Task goal: The copy you produce must repeat each record exactly and contain no pictures.

Exercise material:
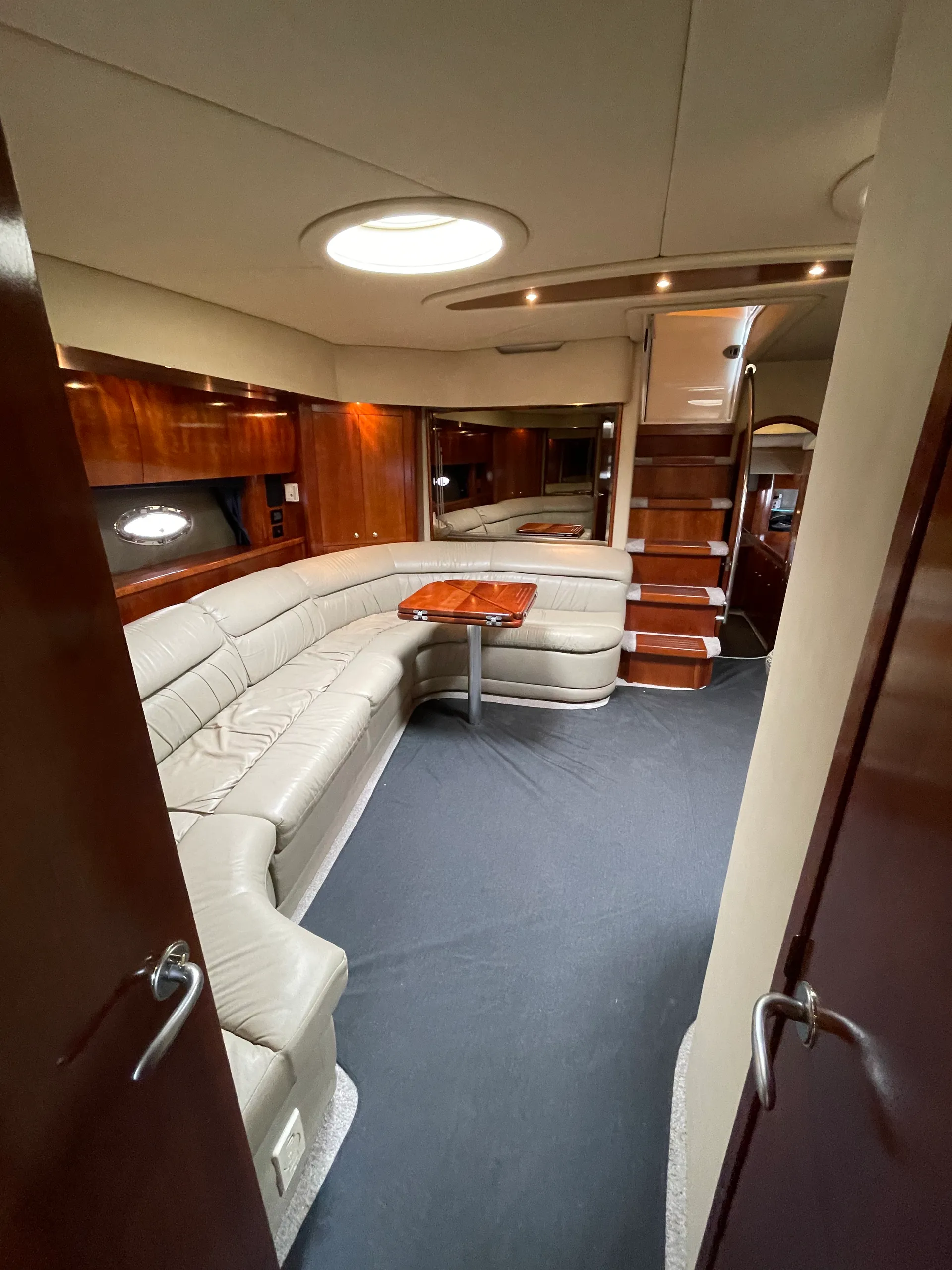 52' Luxury Cruisers Yacht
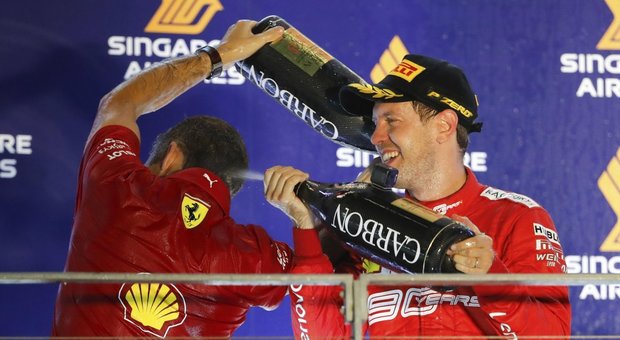 GP Singapore LIVE - Leclerc a caccia del terzo successo consecutivo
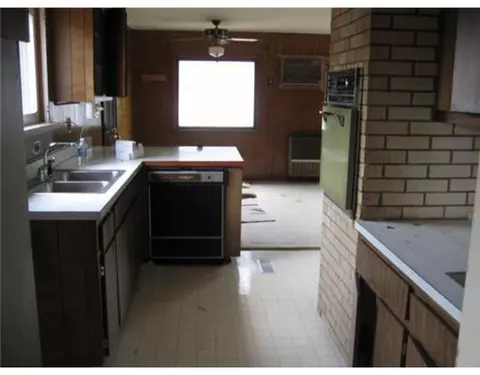 7176 Birch, Taylor, MI 48180 photo 5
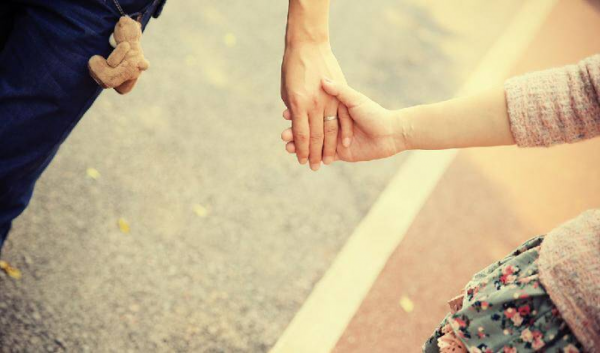 男女朋友之间没有话题聊怎么办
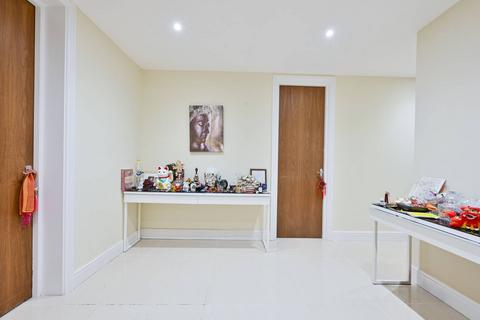 2 bedroom flat for sale, Circus Road, St John's Wood, London, NW8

Result below:
 52' Luxury Cruisers Yacht
 GP Singapore LIVE - Leclerc a caccia del terzo successo consecutivo
 7176 Birch, Taylor, MI 48180 photo 5
 男女朋友之间没有话题聊怎么办
 2 bedroom flat for sale, Circus Road, St John's Wood, London, NW8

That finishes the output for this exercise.